►
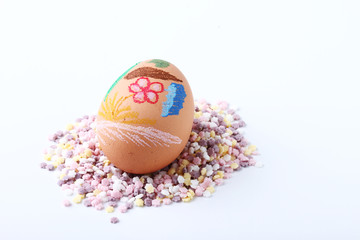 Easter egg put on colorful pretty candy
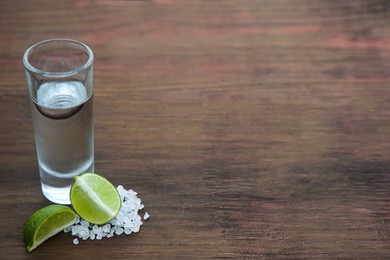 Photo of Mexican tequila shot with lime slices and salt on wooden table, space for text. Drink made from agave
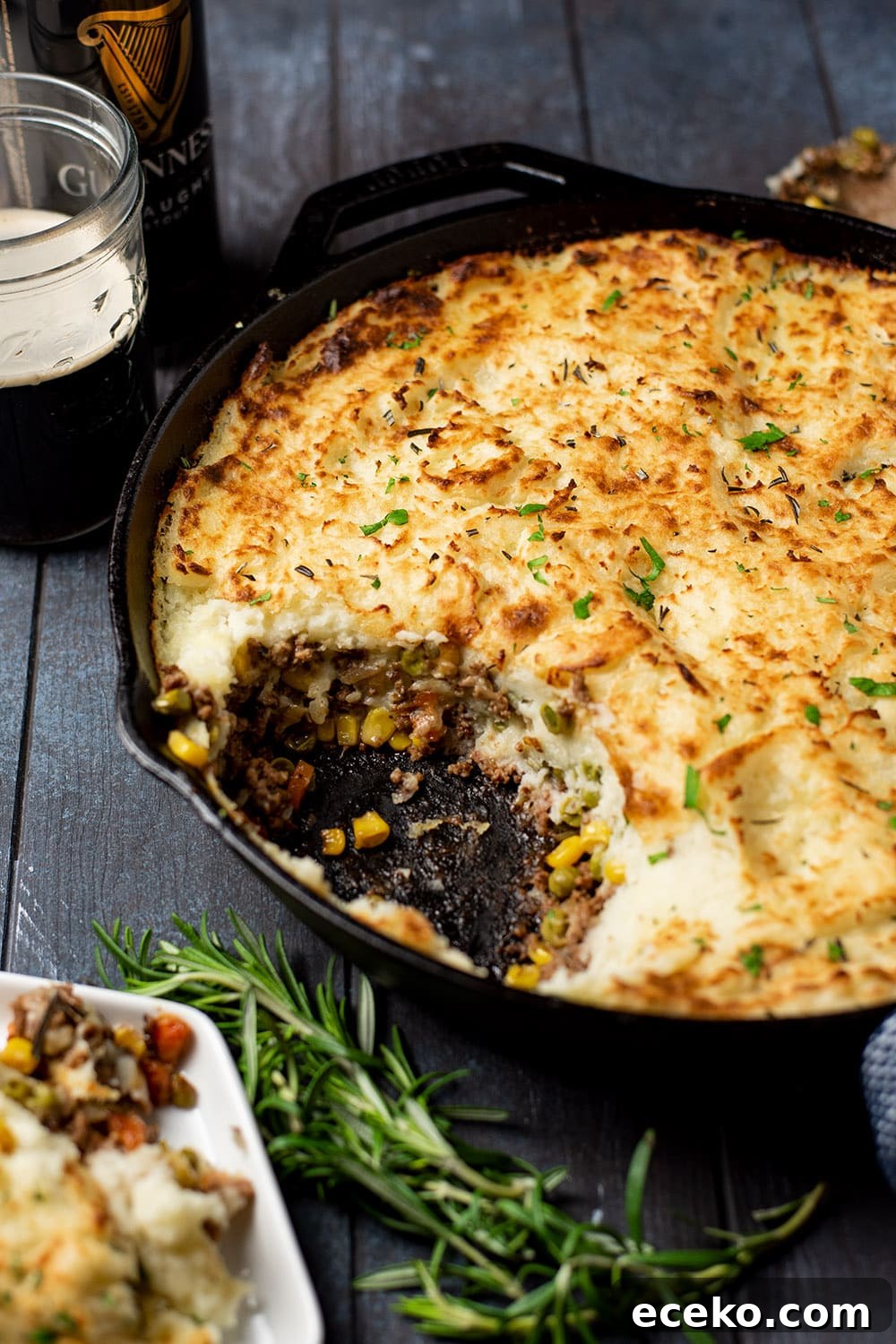 Skillet Shepherd’s Pie Recipe – One-Pan Comfort Dinner 3 Classic Shepherd's pie in a cast iron skillet with a scoop removed, revealing minced meat, carrots, corn, and a thick layer of golden mashed potatoes.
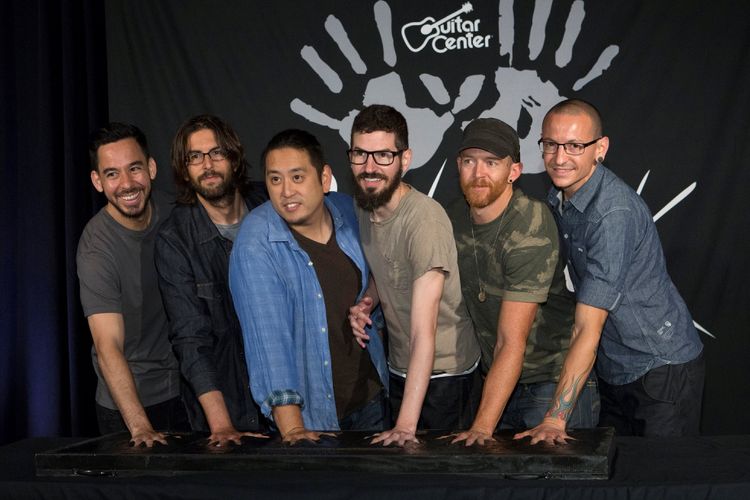Anggota band rock Linkin Park (ki-ka) Mike Shinoda, Rob Bourdon, Joe Hahn, Brad Delson, Dave Farrell dan Chester Bennington meletakkan telapak tangan mereka di semen saat mereka masuk ke Guitar Centers RockWalk di Los Angeles, California, 18 Juni 2014. 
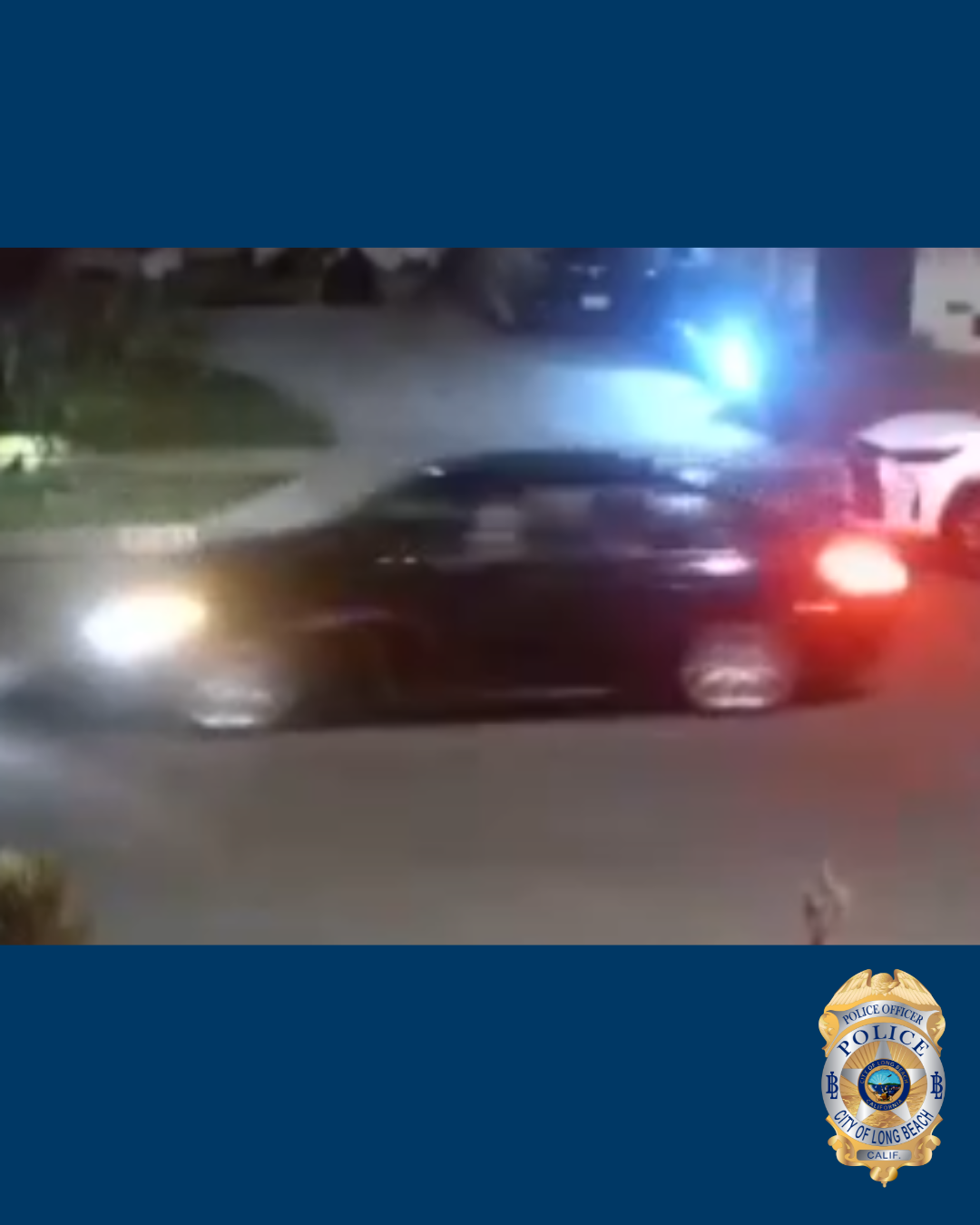 Blurry photo of a black sedan automobile at night.
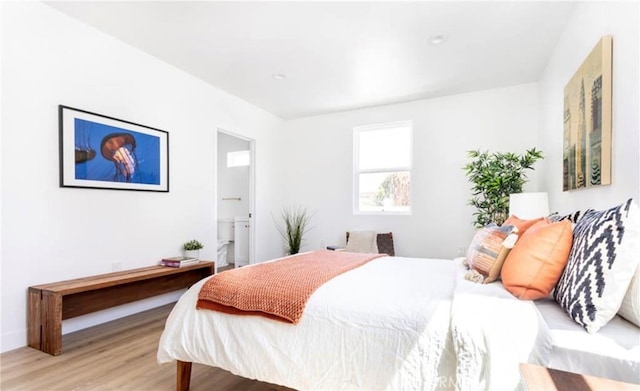 bedroom with ensuite bathroom and light wood-type flooring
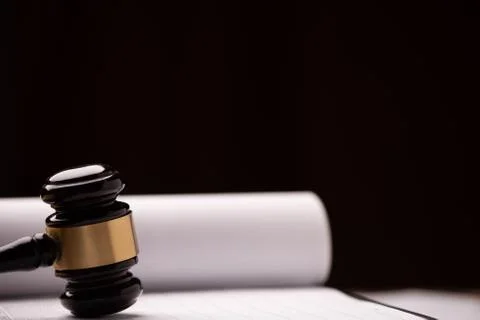 Judge`s gavel with white paper on the background. Stock Photos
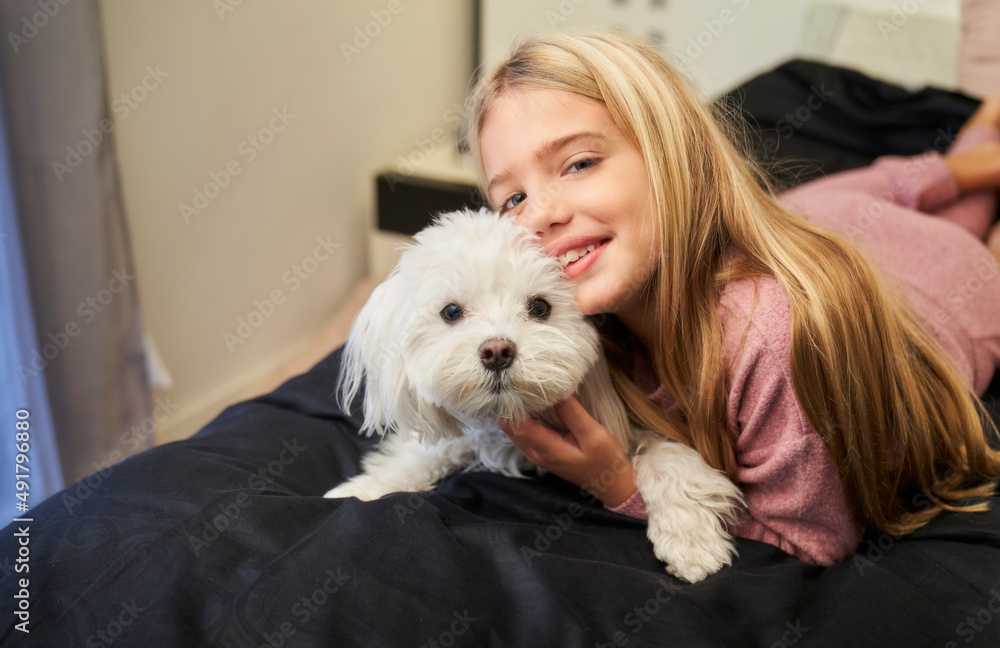 blonde girl lying in bed with her smiling dog looking at the camera blonde girl lying in bed with her smiling dog looking at the camera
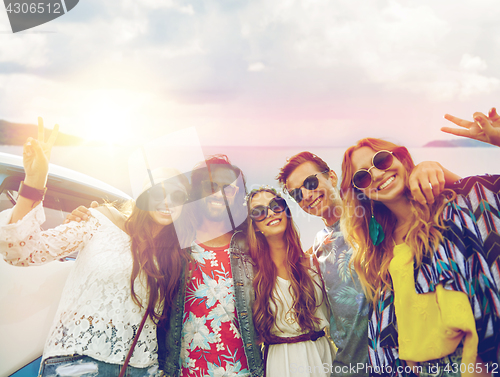 Image of hippie friends at minivan car showing peace sign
◄
Starting at the line that holds "the camera blonde" and stopping at the last line of the listing above, write out each line exactly as it appears, and omit the pictures.

 blonde girl lying in bed with her smiling dog looking at the camera blonde girl lying in bed with her smiling dog looking at the camera
 Image of hippie friends at minivan car showing peace sign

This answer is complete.